The prompt itself was fine. It extracted fields from PDF batch records, flagged missing signatures, and summarized deviations in plain language. Run it three times on the same file and you might get three slightly different summaries. That was acceptable for exploration. It was not acceptable for anything that would show up in an inspection.

What the demo hid

Demos hide repetition. In a meeting you run one file, skim the output, nod, and move on. Production means the same job on four hundred files this month and four hundred more next month. It means someone on night shift gets a different model behavior than day shift because the vendor shipped a silent update. It means a reviewer needs to reopen a case from March and see exactly what the system said then, not what it would say today.

The team had no version on the prompt. No log of inputs and outputs tied to record IDs. No way to override a bad extraction without copying text into email. Approvals happened outside the tool. That is not a production system. It is a very fast intern with no employee ID.

What we built instead

We kept the useful part and replaced the runtime. The prompt became a versioned template stored in git, not a string in someone's notebook. A small Django app pulled PDFs from the existing document store, called the model through a fixed API wrapper, and wrote structured results to Postgres. Every run got a row: file hash, model version, prompt version, timestamp, raw response, parsed fields.

Reviewers worked in a queue, not a chat window. They saw extracted fields beside the PDF, edited what was wrong, and signed off. Exceptions routed to a second reviewer. Nothing marked complete until a human with the right role clicked approve. The model still did the tedious reading. The database owned the truth.
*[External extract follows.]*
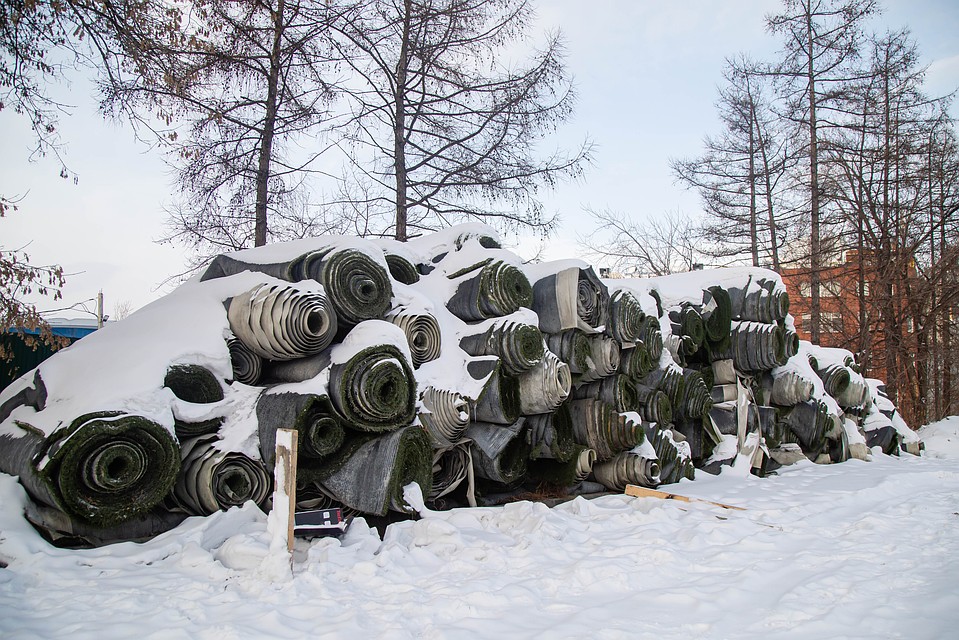 Старый футбольный газон пока «отдыхает» рядом, на улице. Фото: Валерий ЗВОНАРЕВ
Tests were boring on purpose. Golden files with expected extractions. CI failed if a prompt change shifted outputs without an explicit version bump. That annoyed people who wanted to tweak wording daily. It also meant audit could ask what changed between release 1.4 and 1.5 and get an answer in one query.

What I would do again

Start from the audit question, not the prompt. Ask what record someone needs to reconstruct six months later. Build that first. Then wire the model in as a step with clear inputs and outputs.
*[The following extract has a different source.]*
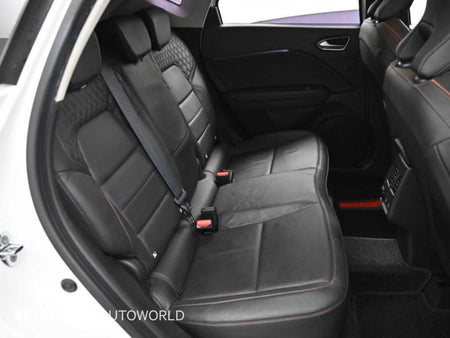 RENAULT Captur — photo 12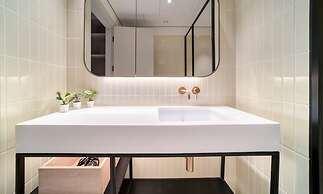 Upside Living - Mint Stay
Keep the first production scope narrow. We did not try to automate final release decisions. We automated read-and-structure, then let humans keep judgment where the SOP required it. That shipped in ten weeks. A bigger agent fantasy would still be in slides.
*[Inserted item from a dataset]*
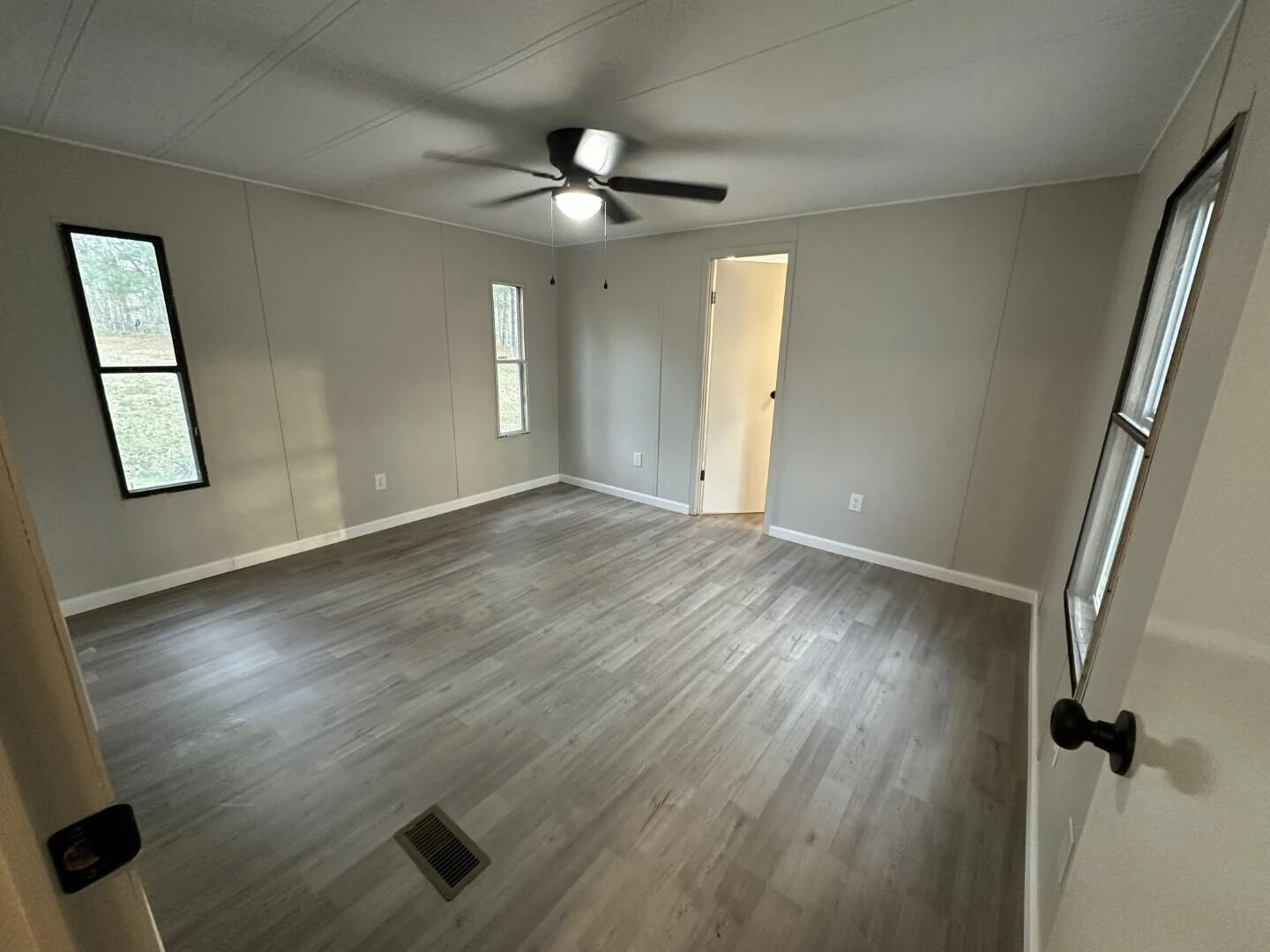 445 Jessteen LN - Photo 14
Treat the prompt like a dependency. Semver it. Review changes like code. When the model vendor updates, run the golden files and look at the diff. If you would not deploy a library upgrade without tests, do not deploy a prompt change without them either.

When a prompt is enough

Sometimes the answer is still a prompt. Ad hoc analysis, one-off investigations, personal productivity. The line is ownership and repetition. If the output becomes a record, touches a regulated process, or runs unattended, it needs code around it.

The QC team still uses AI every day. They just do not bet the audit trail on a chat session. That is the whole point of prompt to production: keep what works, put it inside software your team owns, and know exactly what ran.